Quels sont vos retours sur les
négociations sur le terrain ?
EDF a eu une démarche très intéressante
sur le sujet. Cela a bien montré qu'il
faut relancer l'ascenseur interne et le
recrutement externe. Cependant, d'une manière générale, on a peu de
négociations dans les branches et les entreprises. Celles qui existent ne
débouchent pas toujours sur des signatures de la CGT.
Quels sont les freins ?
La gestion prévisionnelle des emplois et des compétences devrait être liée
aux prévisions de formations. Les textes imposent à l'employeur de livrer
aux représentants des salariés des informations sur ce qu'il envisage de
faire de l'entreprise. Cela doit amener une délibération sur l'évolution
des effectifs et des formations. Dans les faits, les dirigeants ne veulent
jamais dire vers quoi ils veulent amener l'entreprise. Leurs stratégies sont
occultes et décidées dans des réunions de détenteurs des capitaux.

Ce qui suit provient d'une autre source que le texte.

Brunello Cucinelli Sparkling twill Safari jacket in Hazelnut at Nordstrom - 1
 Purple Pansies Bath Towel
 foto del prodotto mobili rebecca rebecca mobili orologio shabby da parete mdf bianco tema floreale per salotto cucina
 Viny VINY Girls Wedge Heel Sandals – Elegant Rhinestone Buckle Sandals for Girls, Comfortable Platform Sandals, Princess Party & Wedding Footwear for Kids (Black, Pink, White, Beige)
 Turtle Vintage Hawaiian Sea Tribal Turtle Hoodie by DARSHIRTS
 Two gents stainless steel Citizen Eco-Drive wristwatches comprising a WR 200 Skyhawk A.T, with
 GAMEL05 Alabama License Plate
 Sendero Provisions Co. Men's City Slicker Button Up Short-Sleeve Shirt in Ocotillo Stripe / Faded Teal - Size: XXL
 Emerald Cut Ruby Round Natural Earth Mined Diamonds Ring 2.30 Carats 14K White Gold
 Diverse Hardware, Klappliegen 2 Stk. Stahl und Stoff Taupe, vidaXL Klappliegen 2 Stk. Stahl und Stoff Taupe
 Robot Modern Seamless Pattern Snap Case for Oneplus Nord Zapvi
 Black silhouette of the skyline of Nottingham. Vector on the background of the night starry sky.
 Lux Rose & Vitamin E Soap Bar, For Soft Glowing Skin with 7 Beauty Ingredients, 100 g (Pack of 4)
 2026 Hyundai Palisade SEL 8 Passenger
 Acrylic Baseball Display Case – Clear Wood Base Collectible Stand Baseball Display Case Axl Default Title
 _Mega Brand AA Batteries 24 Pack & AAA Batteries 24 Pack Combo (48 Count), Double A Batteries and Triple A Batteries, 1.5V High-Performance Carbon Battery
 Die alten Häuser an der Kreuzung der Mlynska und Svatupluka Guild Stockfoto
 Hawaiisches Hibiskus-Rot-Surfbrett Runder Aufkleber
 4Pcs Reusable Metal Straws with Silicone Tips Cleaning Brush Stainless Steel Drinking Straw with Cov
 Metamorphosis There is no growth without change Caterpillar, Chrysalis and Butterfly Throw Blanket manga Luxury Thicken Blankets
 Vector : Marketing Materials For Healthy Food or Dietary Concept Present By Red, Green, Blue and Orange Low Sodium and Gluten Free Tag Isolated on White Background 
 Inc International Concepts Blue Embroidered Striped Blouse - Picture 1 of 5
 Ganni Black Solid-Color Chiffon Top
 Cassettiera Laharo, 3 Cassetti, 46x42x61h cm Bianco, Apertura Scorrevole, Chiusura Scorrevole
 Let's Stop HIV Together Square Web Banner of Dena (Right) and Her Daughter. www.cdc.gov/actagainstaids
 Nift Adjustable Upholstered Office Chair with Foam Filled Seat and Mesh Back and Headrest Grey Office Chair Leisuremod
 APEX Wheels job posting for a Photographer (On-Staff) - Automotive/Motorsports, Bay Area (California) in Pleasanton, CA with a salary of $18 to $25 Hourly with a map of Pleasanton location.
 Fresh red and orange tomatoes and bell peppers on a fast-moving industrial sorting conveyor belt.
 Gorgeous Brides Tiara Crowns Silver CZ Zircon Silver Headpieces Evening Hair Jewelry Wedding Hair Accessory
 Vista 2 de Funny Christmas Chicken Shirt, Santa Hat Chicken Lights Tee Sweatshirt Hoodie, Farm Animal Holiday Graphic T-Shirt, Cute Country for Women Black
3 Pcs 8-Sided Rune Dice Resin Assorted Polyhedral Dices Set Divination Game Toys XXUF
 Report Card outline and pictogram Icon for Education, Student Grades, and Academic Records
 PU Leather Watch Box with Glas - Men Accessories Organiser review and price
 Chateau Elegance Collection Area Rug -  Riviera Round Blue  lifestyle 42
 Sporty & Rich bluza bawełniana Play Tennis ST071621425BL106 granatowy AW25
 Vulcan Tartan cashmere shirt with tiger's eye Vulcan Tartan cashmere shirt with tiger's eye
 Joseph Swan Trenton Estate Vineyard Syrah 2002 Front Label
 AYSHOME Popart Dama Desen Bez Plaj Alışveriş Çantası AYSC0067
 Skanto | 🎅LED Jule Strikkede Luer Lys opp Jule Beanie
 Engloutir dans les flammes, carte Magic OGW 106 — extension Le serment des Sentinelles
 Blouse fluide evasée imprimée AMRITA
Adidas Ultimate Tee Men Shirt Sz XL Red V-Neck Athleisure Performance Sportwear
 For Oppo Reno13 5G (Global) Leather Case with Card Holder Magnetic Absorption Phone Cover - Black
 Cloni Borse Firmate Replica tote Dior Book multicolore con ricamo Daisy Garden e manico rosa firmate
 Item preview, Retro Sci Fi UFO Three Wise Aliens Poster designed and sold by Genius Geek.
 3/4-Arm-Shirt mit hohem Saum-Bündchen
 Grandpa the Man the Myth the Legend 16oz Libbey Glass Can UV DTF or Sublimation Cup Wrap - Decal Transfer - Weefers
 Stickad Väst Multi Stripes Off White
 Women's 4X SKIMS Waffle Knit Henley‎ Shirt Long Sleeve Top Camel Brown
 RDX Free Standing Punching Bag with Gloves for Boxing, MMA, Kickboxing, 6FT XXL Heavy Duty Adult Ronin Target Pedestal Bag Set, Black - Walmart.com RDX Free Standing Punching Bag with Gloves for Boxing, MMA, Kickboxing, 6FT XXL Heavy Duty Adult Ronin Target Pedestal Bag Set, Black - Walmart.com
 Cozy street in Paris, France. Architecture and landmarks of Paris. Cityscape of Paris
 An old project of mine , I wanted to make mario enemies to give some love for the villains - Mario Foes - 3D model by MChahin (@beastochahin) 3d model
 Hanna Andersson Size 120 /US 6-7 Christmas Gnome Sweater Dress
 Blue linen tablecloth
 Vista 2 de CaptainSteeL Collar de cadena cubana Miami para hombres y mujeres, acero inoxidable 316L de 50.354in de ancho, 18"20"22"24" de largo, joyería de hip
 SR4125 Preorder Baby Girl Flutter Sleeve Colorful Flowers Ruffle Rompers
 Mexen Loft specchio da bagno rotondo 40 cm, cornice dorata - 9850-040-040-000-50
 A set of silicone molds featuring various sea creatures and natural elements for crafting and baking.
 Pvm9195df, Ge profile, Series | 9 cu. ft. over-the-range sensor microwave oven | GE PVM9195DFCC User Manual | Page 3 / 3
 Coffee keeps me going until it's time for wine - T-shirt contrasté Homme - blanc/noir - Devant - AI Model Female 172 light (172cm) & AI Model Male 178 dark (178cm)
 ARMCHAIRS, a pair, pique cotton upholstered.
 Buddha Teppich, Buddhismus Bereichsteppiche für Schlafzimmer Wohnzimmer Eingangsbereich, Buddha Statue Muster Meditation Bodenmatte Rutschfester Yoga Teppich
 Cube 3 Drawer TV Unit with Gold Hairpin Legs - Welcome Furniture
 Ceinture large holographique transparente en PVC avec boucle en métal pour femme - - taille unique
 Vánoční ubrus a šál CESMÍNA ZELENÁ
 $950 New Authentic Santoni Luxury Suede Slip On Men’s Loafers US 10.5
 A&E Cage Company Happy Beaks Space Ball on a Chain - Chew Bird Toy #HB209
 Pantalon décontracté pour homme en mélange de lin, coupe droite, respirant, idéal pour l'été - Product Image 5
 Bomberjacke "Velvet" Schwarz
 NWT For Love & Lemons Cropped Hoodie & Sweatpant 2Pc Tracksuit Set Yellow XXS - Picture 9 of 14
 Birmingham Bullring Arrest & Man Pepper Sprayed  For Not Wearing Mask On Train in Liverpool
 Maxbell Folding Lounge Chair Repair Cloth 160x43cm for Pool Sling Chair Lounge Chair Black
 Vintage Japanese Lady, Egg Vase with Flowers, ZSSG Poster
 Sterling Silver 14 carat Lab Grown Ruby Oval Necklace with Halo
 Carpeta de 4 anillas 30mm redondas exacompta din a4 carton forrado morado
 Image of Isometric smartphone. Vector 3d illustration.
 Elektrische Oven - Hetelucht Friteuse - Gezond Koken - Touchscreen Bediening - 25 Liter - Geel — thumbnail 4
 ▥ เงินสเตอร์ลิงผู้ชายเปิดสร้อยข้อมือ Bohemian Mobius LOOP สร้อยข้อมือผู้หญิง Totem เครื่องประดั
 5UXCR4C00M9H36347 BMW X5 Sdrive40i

Les 4 000 euros versés aux entreprises sont-ils suffisants ?
On aurait préféré un dispositif d'accompagnement sans aide financière.
Dans une entreprise normale, ce n'est pas une aide qui détermine les
embauches. Ce sont les besoins de production, et donc, en face, le niveau
de consommation. Des millions d'euros sont distribués à travers de telles
aides à l'embauche, mais nous pensons qu'ils seraient plus efficaces
ailleurs. On sait que certaines embauches ont été gelées jusqu'à ce que
l'aide soit mise en place et que ces 4 000 euros vont directement dans la
marge des entreprises. Les politiques distribuent de l'argent, et à force, il
n'y a des créations d'emplois (ou du maintien) que quand il y a des aides.
Ces aides sont un leurre !
Est-ce une bonne stratégie de ne pas cibler les jeunes les plus
éloignés de l'emploi ?
Comment déterminer s'ils le sont ? On prend les jeunes pour des haricots
rangés dans trois catégories : extra fins, fins et gros. En réalité, on ne se
base que sur le niveau scolaire alors qu'on peut avoir des jeunes sans
diplôme et très intelligents, avec une bonne dynamique d'esprit et une
bonne capacité d'adaptation. Je trouve cela très bien de ne pas classifier
ces jeunes et ainsi d'ouvrir le dispositif à toute une partie de la population
située dans des zones grises.
Fallait-il instaurer des formations obligatoires pour les jeunes ?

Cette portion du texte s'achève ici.